09 September 2005

...And who will be feeding us?

And a little closer to me and mine....what's going to happen to farming when the 'cheap' fuel inputs are no longer cheap? WHEN oil starts to run out, what will happen to the current 'agribusiness' model? Will it undergo a fundamental transformation to a more decentralized, simpler small-scale system, or to something more centralized, huge-scale and heavy-equipment focused, run by multinationals that will be the only ones left who can afford the fuel inputs to equipment, fertilizer, etc.? I don't think the picture looks too rosy for independent small farmers in the future, and maybe not even for the multinationals.

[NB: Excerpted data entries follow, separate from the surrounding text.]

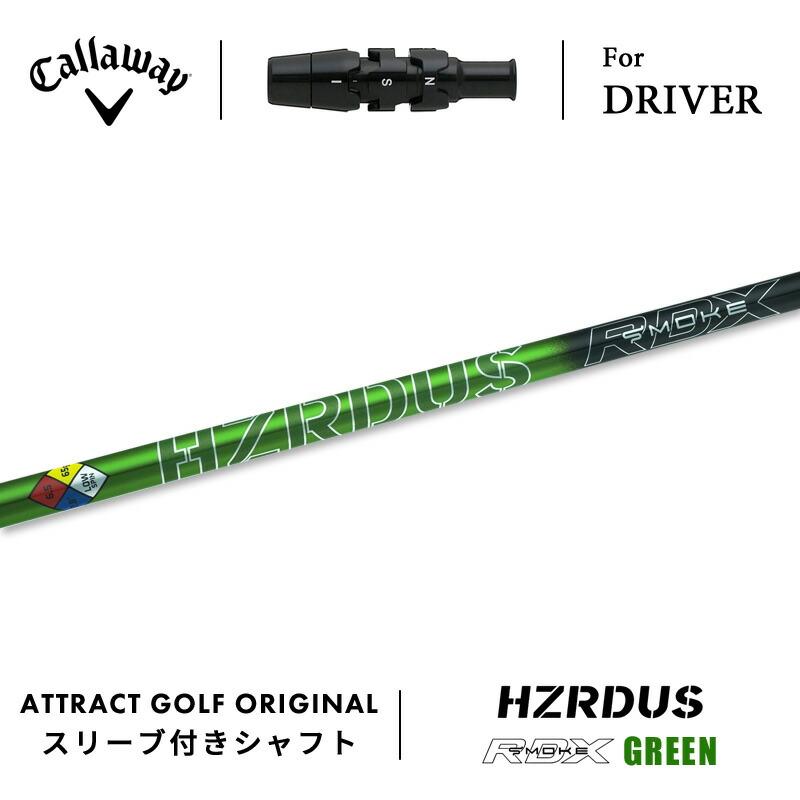 【カスタム】キャロウェイ ドライバー用スリーブ付きシャフト PROJECT X HZRDUS GREEN RDX (ハザーダス スモーク グリーン RDX) (パラダイム/ローグ/エピック) : cw-dr-px-hzd-smgr : アトラクトゴルフ - 通販 - Yahoo!ショッピング 【カスタム】キャロウェイ ドライバー用スリーブ付きシャフト PROJECT X HZRDUS GREEN RDX (ハザーダス スモーク グリーン RDX) (パラダイム/ローグ/エピック) : cw-dr-px-hzd-smgr : アトラクトゴルフ - 通販 - Yahoo!ショッピング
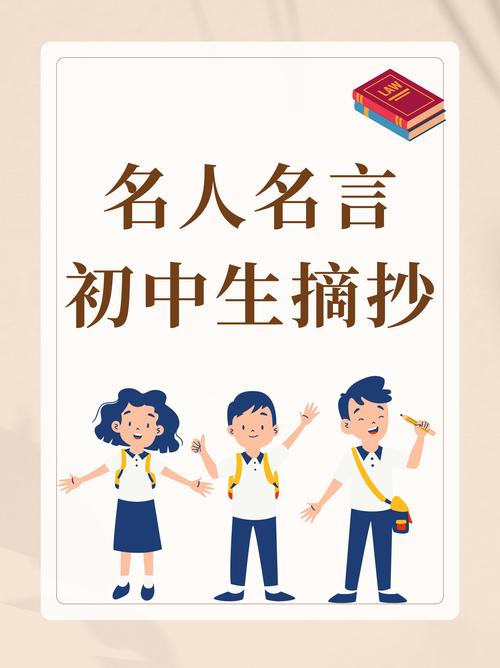 哪些名言名句能真正激励学习？-图2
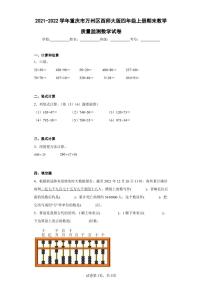 2021-2022学年重庆市万州区西师大版四年级上册期末教学质量监测数学试卷（含答案解析）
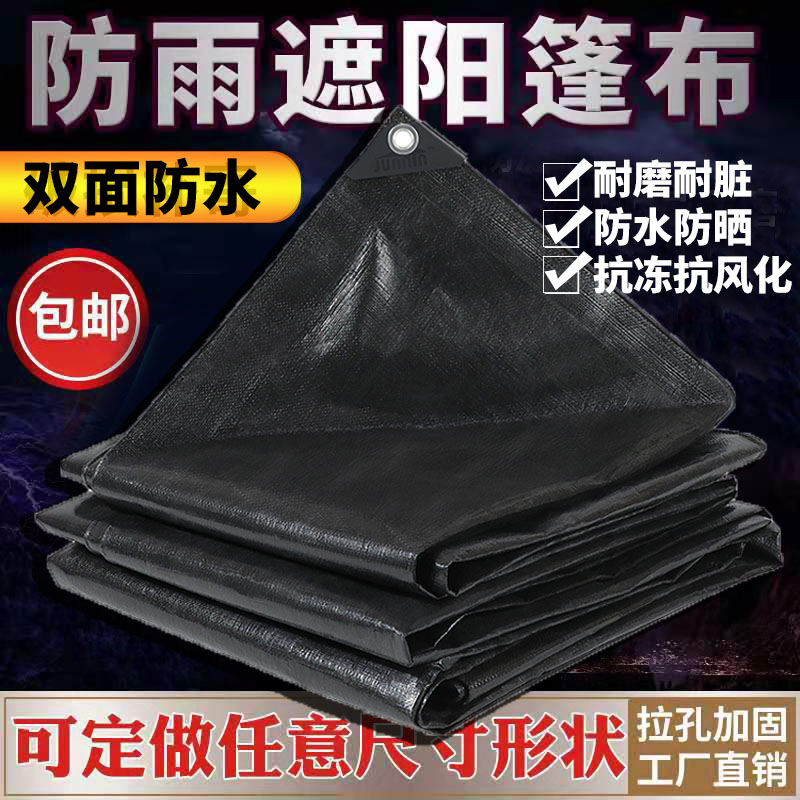 Black rainproof cloth tarpaulin shade cloth shading canvas waterproof sunscreen thickened tarpaulin outdoor thatch tarpaulin canopy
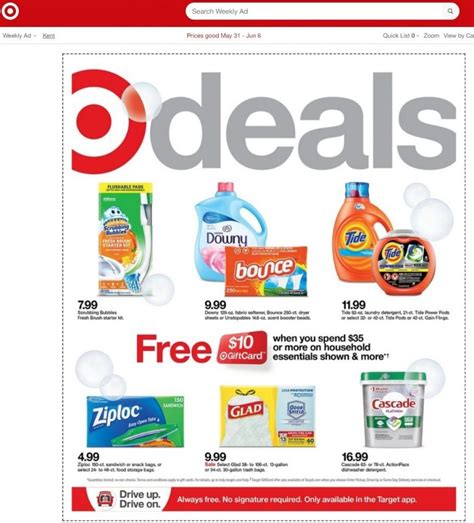 Top Target Promo Codes & Coupons (2020)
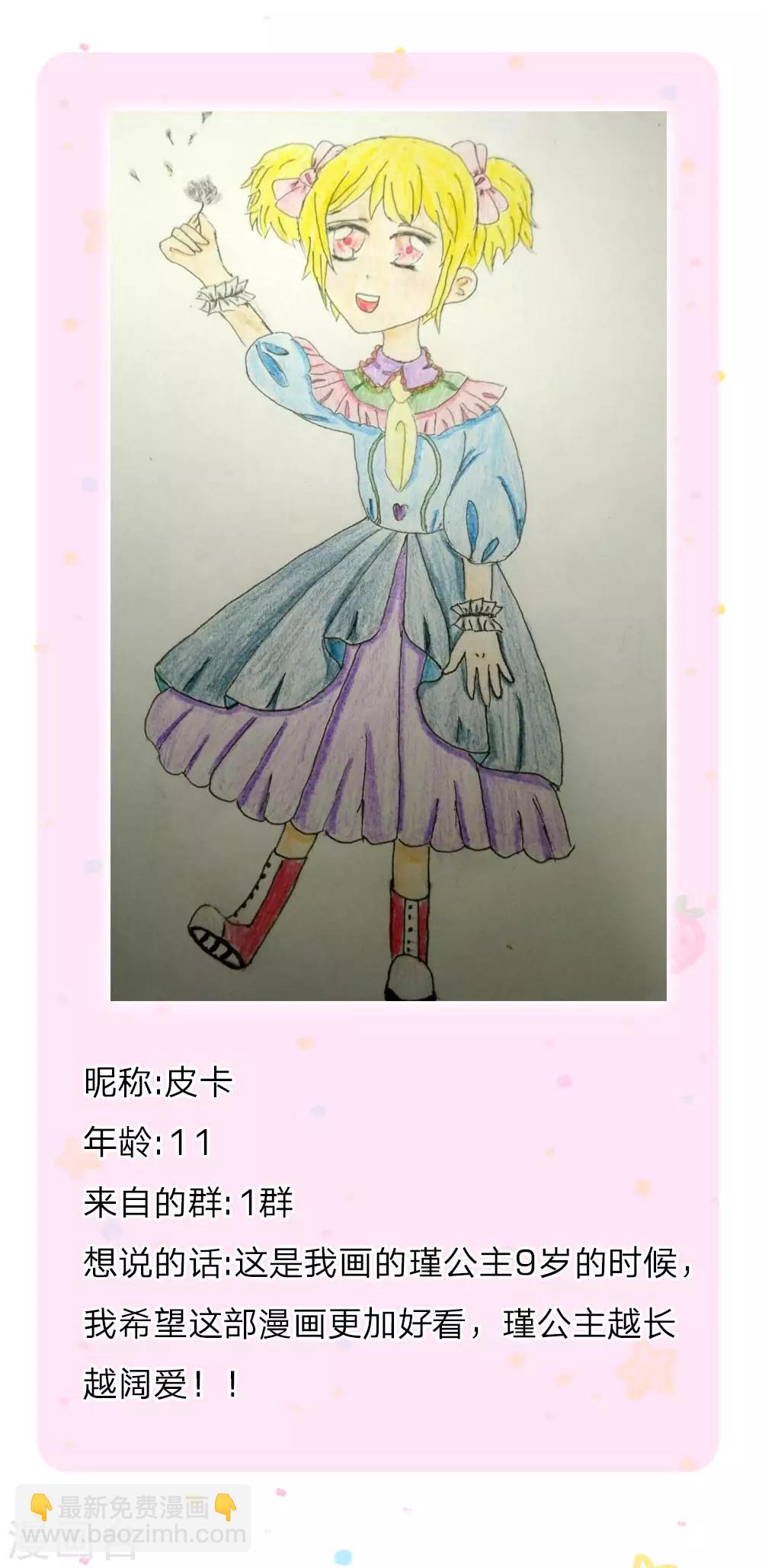 🍟某天成为王的女儿 第163话 海伦，我们共生死 第26页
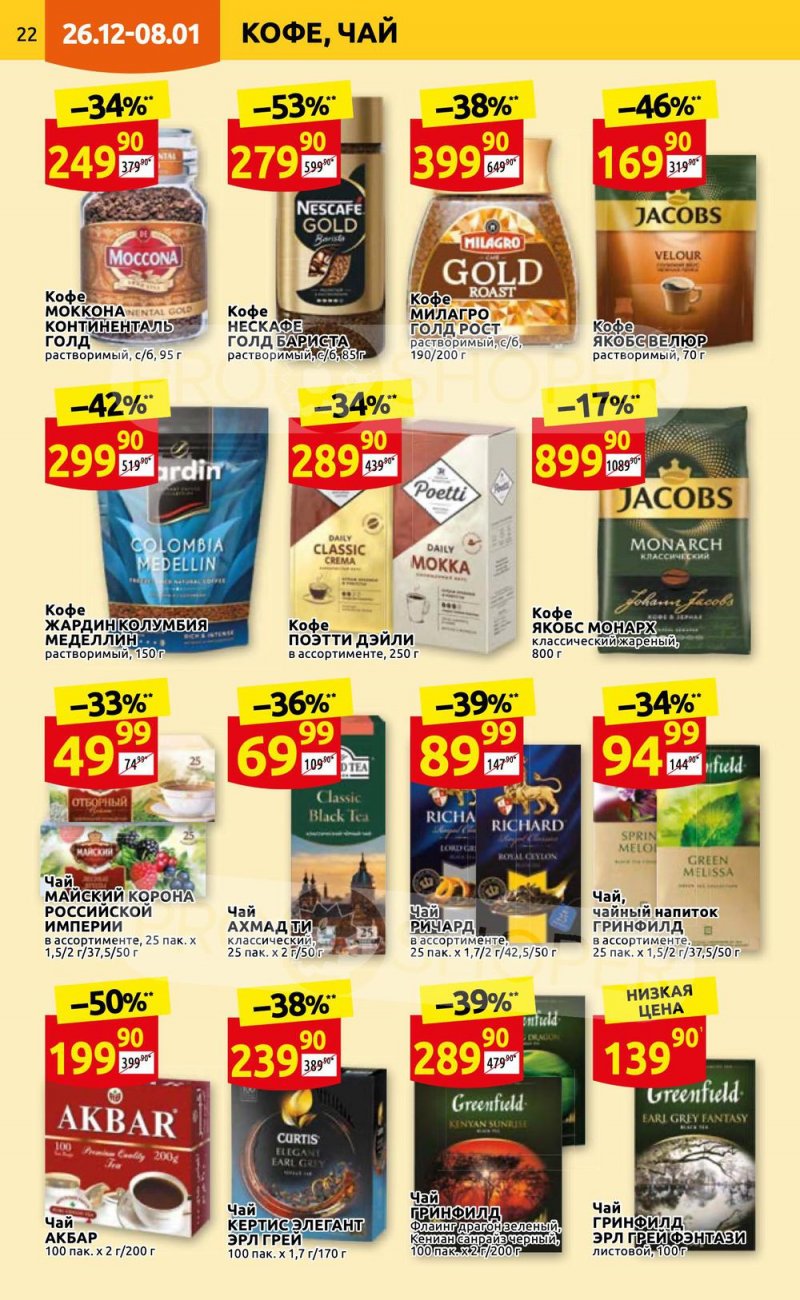 Каталог Дикси с 26 декабря 2022 по 8 января 2023 года страница 22 Каталог Дикси с 26 декабря 2022 по 8 января 2023 года страница 22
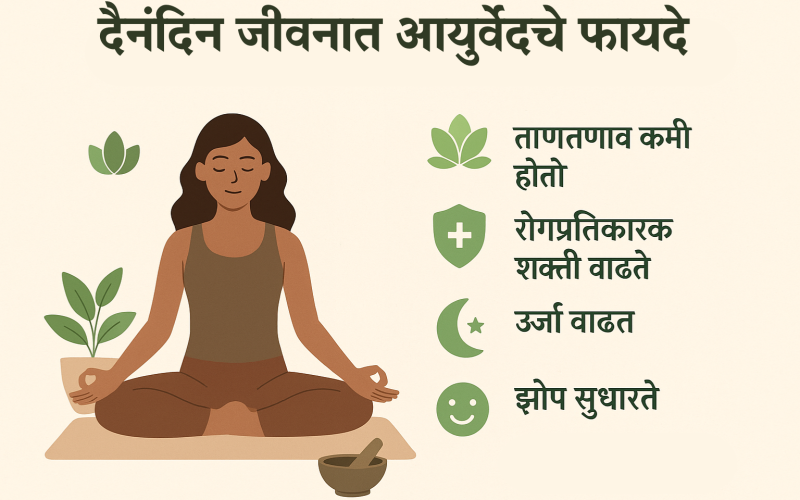 दैनंदिन जीवनात आयुर्वेदचे फायदे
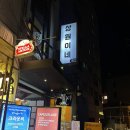 상원공영주차장 이미지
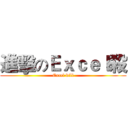 進擊のＥｘｃｅｌ殺 (Excel kill)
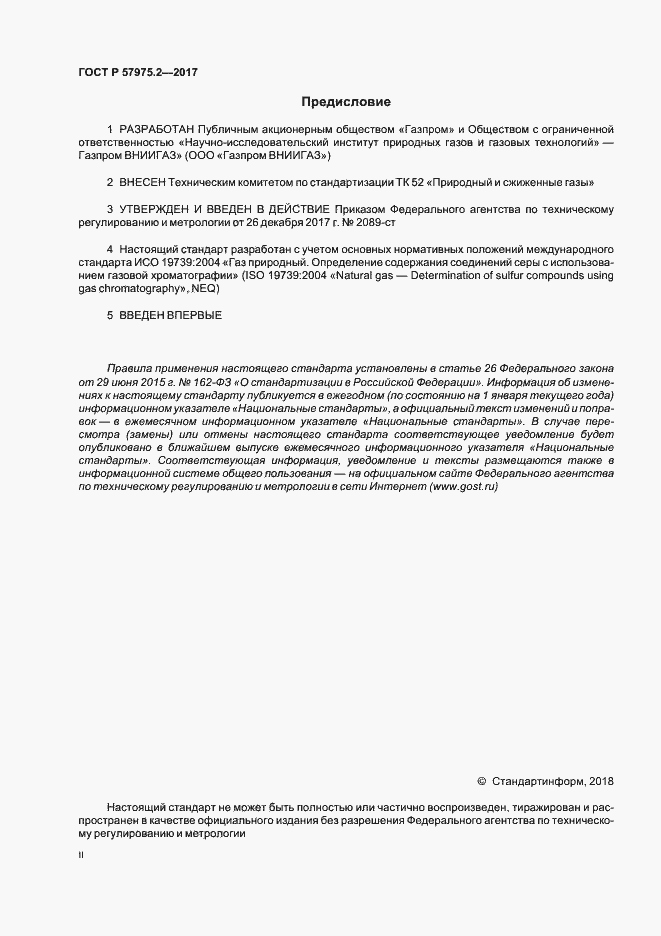 Страница 2 ГОСТ Р 57975.2-2017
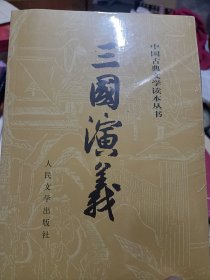 三国演义（全二册）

Farmers caught in fuel spiral

Ed Rempel, a farmer from Starbuck, MB, becomes defiant in the face of skyrocketing diesel and fertilizer prices. "We're going to quit selling," he declared in an interview. "The marketplace will simply have to pay us more for our production. If they don't, we're gone." Rempel realizes that a mass, worldwide boycott of grain markets by farmers is unlikely, so he and his friends have been considering acting like farm input suppliers and passing along their costs. "But how are we going to bill the markets for a fuel and fertilizer surcharge?" he asked. Farmers across the Prairies are harvesting a crop with combines burning a more and more precious commodity. The price of fuel has been zooming higher for the past year, and Hurricane Katrina has blown it through the roof. Later in the fall, with farmers licking their wounds from high fuel prices, many will have to head back into the fields to burn probably even more expensive fuel and pour into the ground another precious commodity: fertilizer. Both ammonia and urea fertilizers are made with natural gas, a commodity that has more than quadrupled in cost in the past five years. The disruption of the Gulf of Mexico energy industry by Katrina has cut US energy supplies by about 10% and competition for North America's remaining sources of energy is expected to become intense. "We've been dealing with these occasional price spikes for five years now, and it looks like we're about to see round three," said Roger Larson, president of the Canadian Fertilizer Institute. "I wouldn't be too optimistic that there's any room for fertilizer manufacturers to improve their costs of production in the next six months." Farmers can read that as meaning fertilizer prices are going up. Diesel prices have also steadily increased in recent years and this recent spiraling comes at the worst time for many farmers like Ernie Sirski. The Dauphin, MB, farmer is in the middle of harvest and dreads the thought of his soon-coming fuel bill. Only a couple of years ago he paid about 45 cents per litre. Now it might be 85 cents, or more.